How to respond to student calls to rename a campus building or landmark

There is nothing sacrosanct about the name of a building. Nor is there any right to a particular name. The evolution of words, images, and even certain intellectual assumptions is part of how societies change and not in and of itself cause for alarm. Still, when considering what’s in a name, there are steps that universities can take that respect the principles of both free speech and inclusion.


    Gather as much information as possible about the building as well as the reasons that community members want to change its name. 


    It is important to have an agreed-upon, inclusive, consultative process for evaluating possible name changes. Some universities have appointed multi-stakeholder committees to establish these processes and have then appointed additional committees to review specific calls for changes as they arise. 


    Publicly acknowledge calls for name changes and be as transparent as possible in the university’s response.


    Establish and communicate clear time lines for responding.


    In public statements, communicate clearly whether and how the building’s name contravenes the university’s contemporary values.
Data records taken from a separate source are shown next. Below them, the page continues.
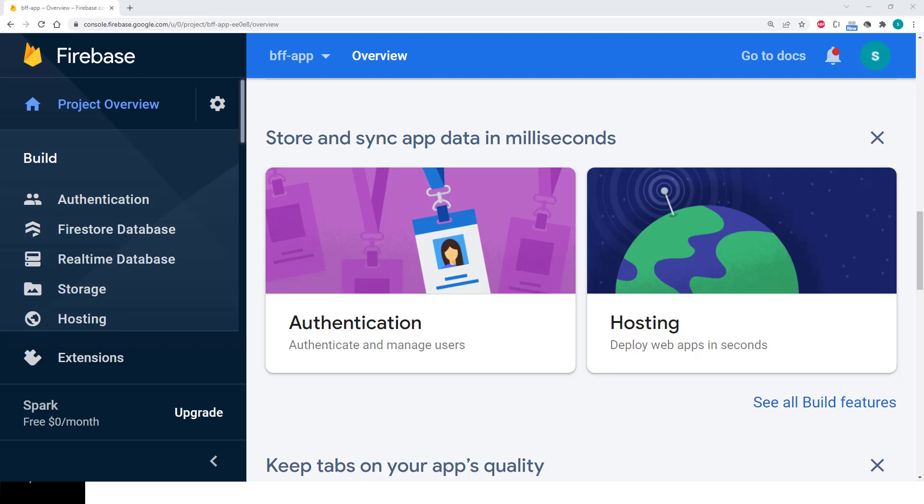During this course, you will use authentication that provides several ways for your users to authenticate, including username and password, and third-party providers like Google and Facebook.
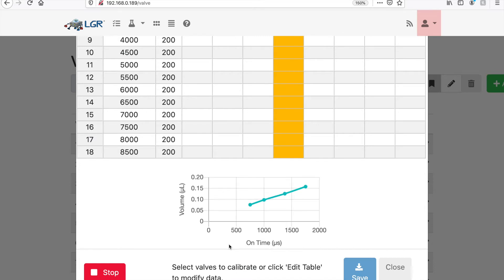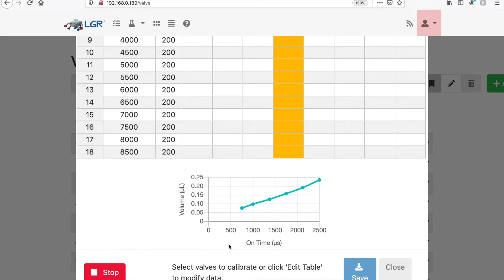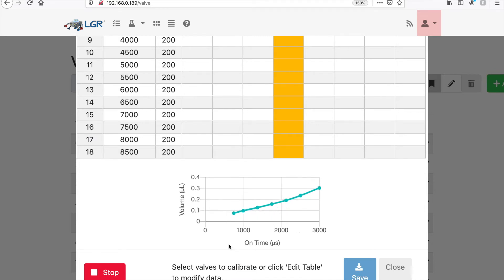The calibration station uses precision scale to calibrate valves over a wide volume range.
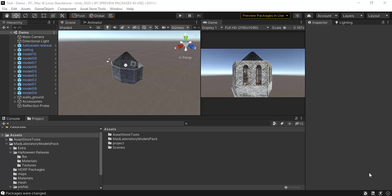Hi there, it's Polygon Experts, and in this video we have good news for people who have purchased the Mad Laboratory Models Pack for Unity or want to purchase it. As we know, Mad Laboratory was created with previous versions of Unity which didn't support the HDRP feature, so the default render pipeline in this asset is Standard. Nowadays, since Unity supports HDRP in current versions, we have decided to add a new feature to this asset so that it supports HDRP as a new release.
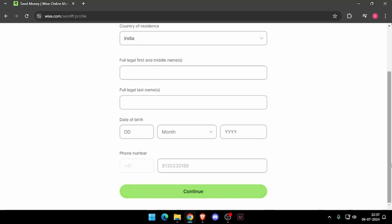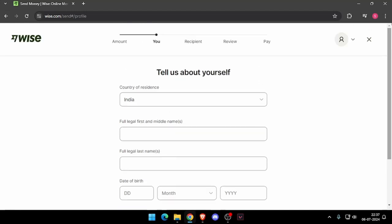Then it will ask the recipient details, and then you have to review the payment. At last you will be able to pay the amount.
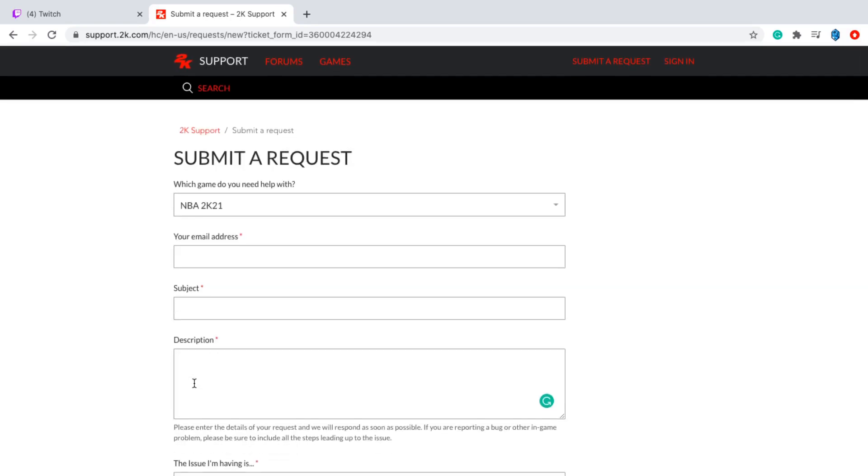And you guys should get unbanned in 24 to 48 hours. This is going to be a pretty short video. There's not much to talk about. I know a lot of people are getting banned because of this, so I'm just trying to help out.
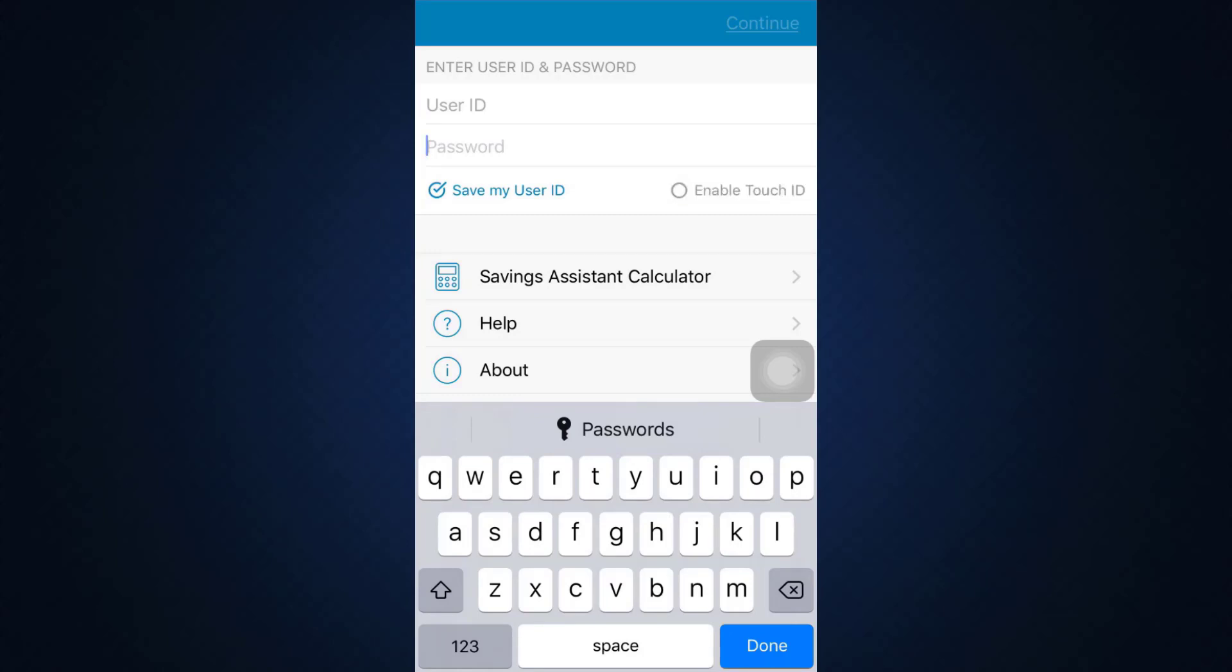You can also enable Touch ID so that you don't have to keep entering your password every single time and just your fingerprint can do the work for you. This is basically how it works. It's a very simple process that takes only a few seconds after you tap on the upper right hand side that says Continue.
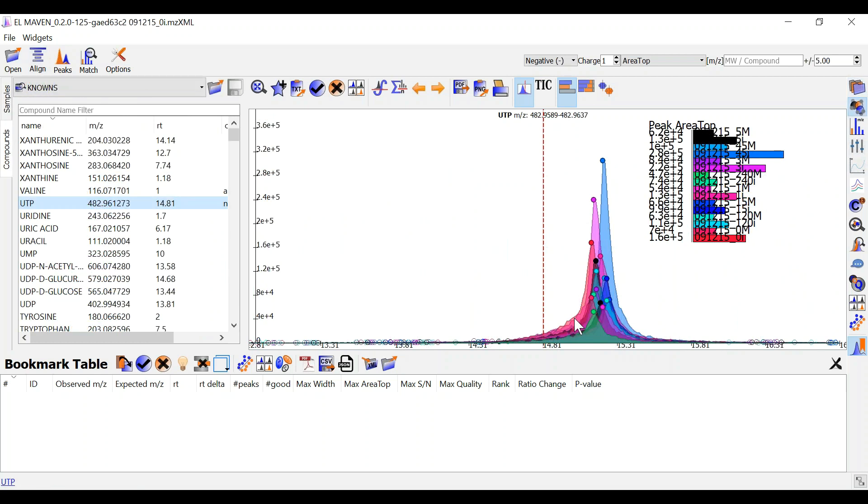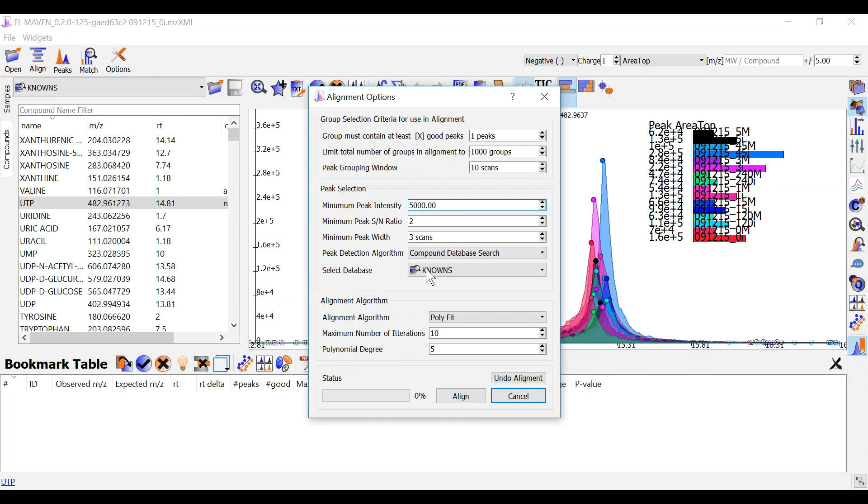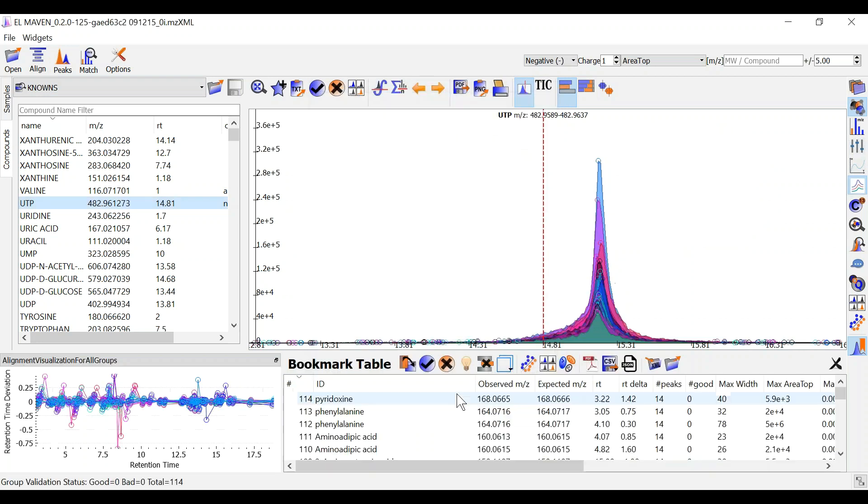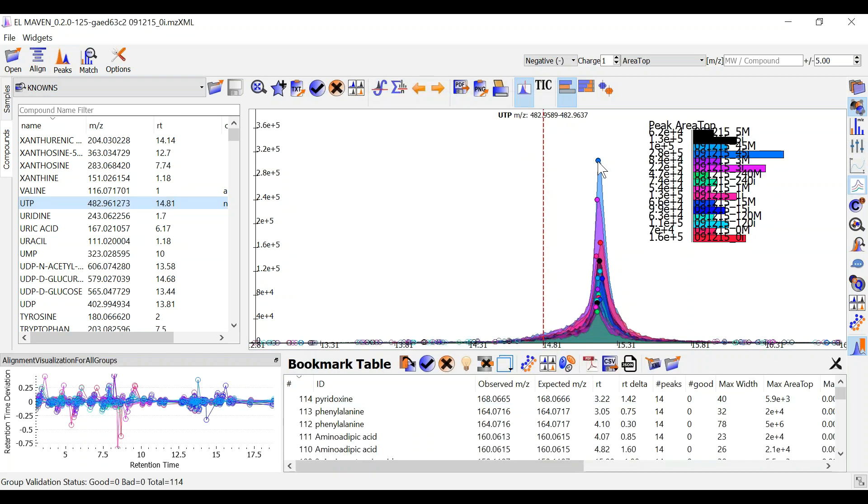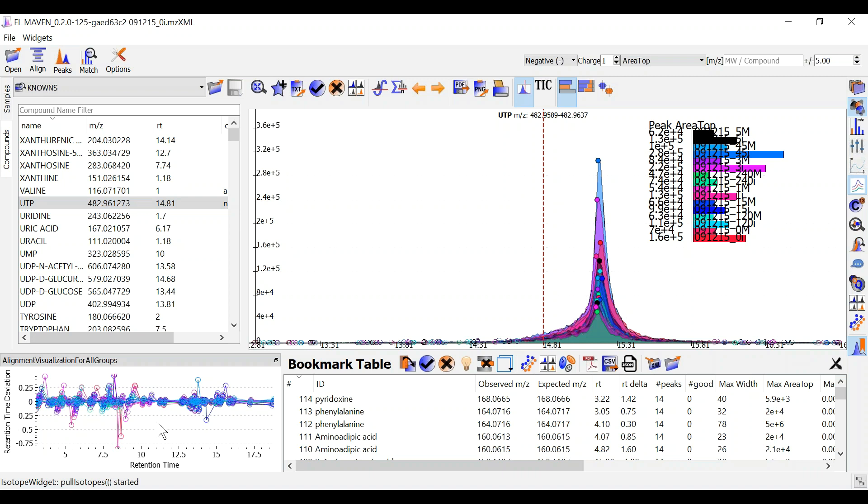Consider this group. You can see that the peaks are dispersed over a broad range of rt's. When I perform alignment, you can see that the peaks are closer to the median retention time. The alignment visualization here helps you assess the retention time drifts in each of the peaks in this group.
    Create opportunities for the group calling for change to meet in person with university administrators. As much as possible, integrate their perspectives into the decision-making process. 


    In addition to the group leading the charge, reach out to and discuss the matter with additional university stakeholders, including other students, student organizations, faculty, and alumni.


    Draw on previous cases, either from your own university or others, when evaluating various courses of action. Whatever your decision, be prepared to defend it.



    Changing a name need not be interpreted as an erasure of history. Whatever the university’s final decision, campus leaders can lessen this fear by creating multiple opportunities to learn about and spur reflection on the building’s past. 


    These kinds of conversations can stir up heavy emotions, so be sure that students and faculty have access to channels of support.